§ TRY IT: The entries below are to be written out exactly, with no images included.

§ EXCERPTED DATA:

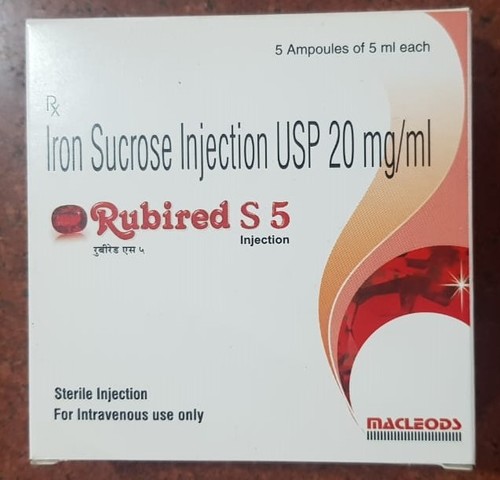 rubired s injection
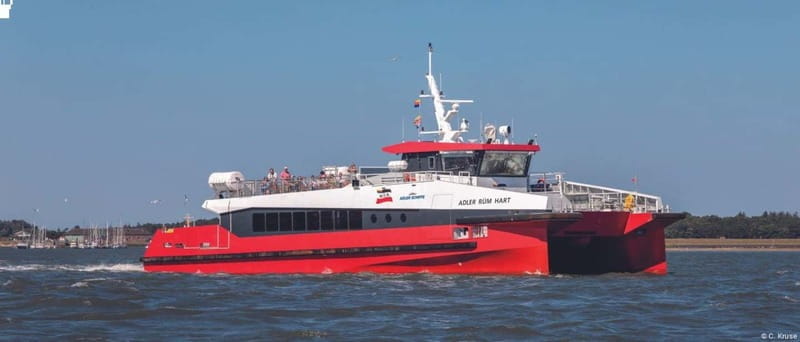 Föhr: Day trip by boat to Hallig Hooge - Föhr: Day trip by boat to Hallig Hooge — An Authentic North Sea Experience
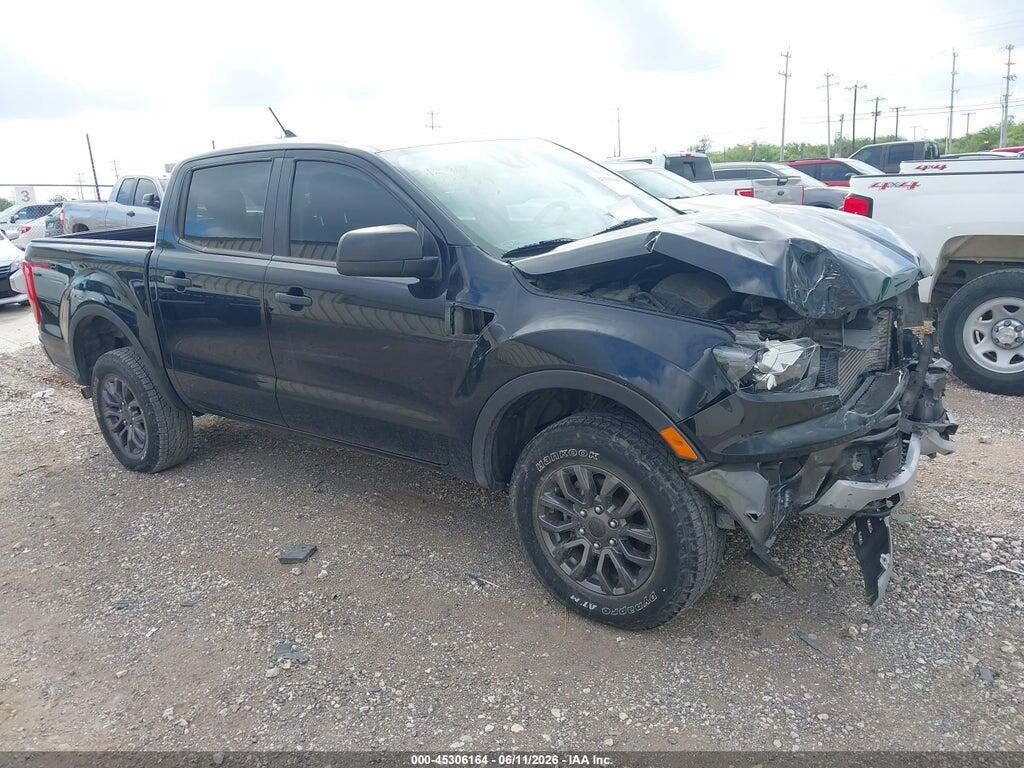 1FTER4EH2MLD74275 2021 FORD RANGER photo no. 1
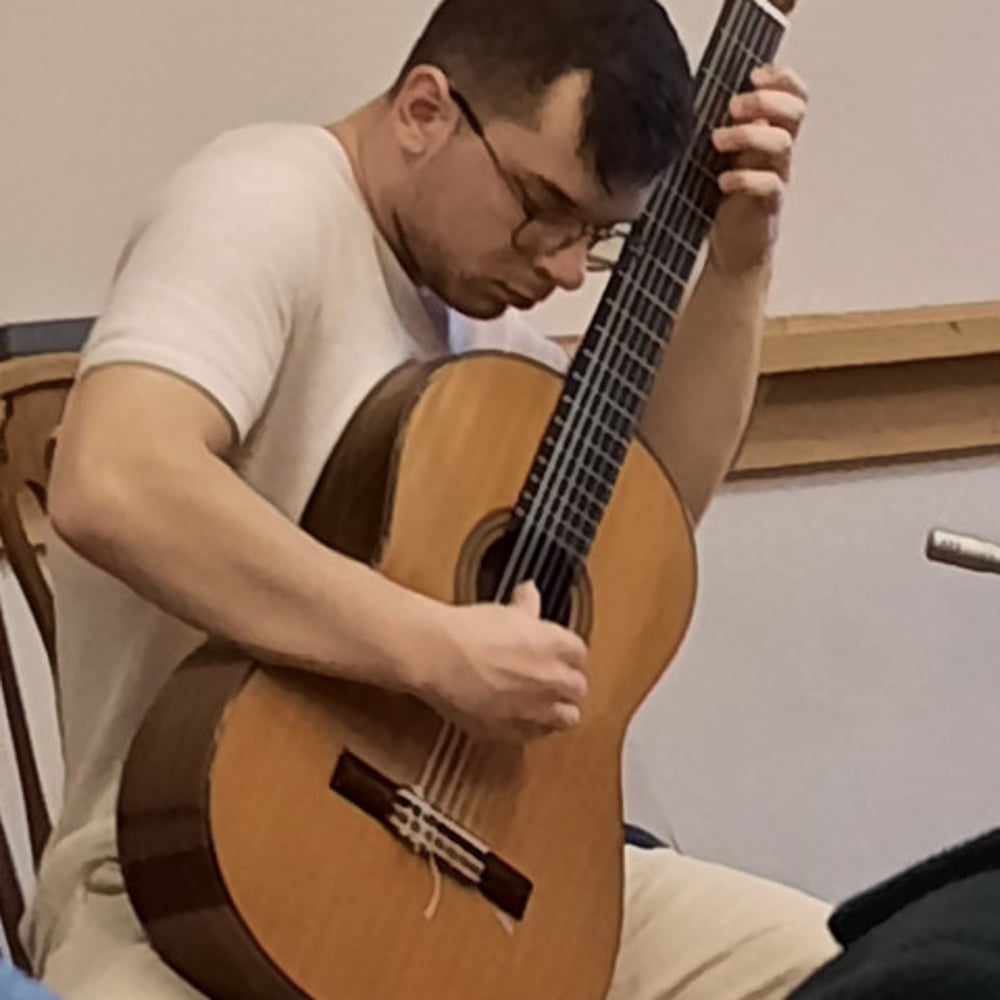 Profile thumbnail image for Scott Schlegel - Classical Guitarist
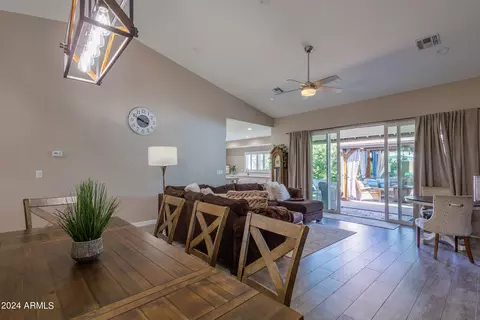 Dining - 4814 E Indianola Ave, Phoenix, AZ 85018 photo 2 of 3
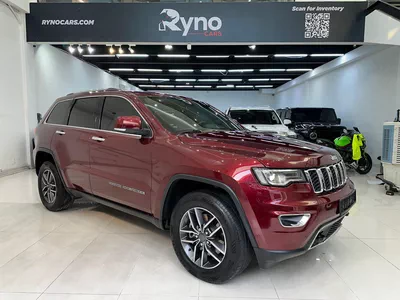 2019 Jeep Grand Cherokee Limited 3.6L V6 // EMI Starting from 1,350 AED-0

§ ANSWER TO THE EXERCISE:
 rubired s injection
 Föhr: Day trip by boat to Hallig Hooge - Föhr: Day trip by boat to Hallig Hooge — An Authentic North Sea Experience
 1FTER4EH2MLD74275 2021 FORD RANGER photo no. 1
 Profile thumbnail image for Scott Schlegel - Classical Guitarist
 Dining - 4814 E Indianola Ave, Phoenix, AZ 85018 photo 2 of 3
 2019 Jeep Grand Cherokee Limited 3.6L V6 // EMI Starting from 1,350 AED-0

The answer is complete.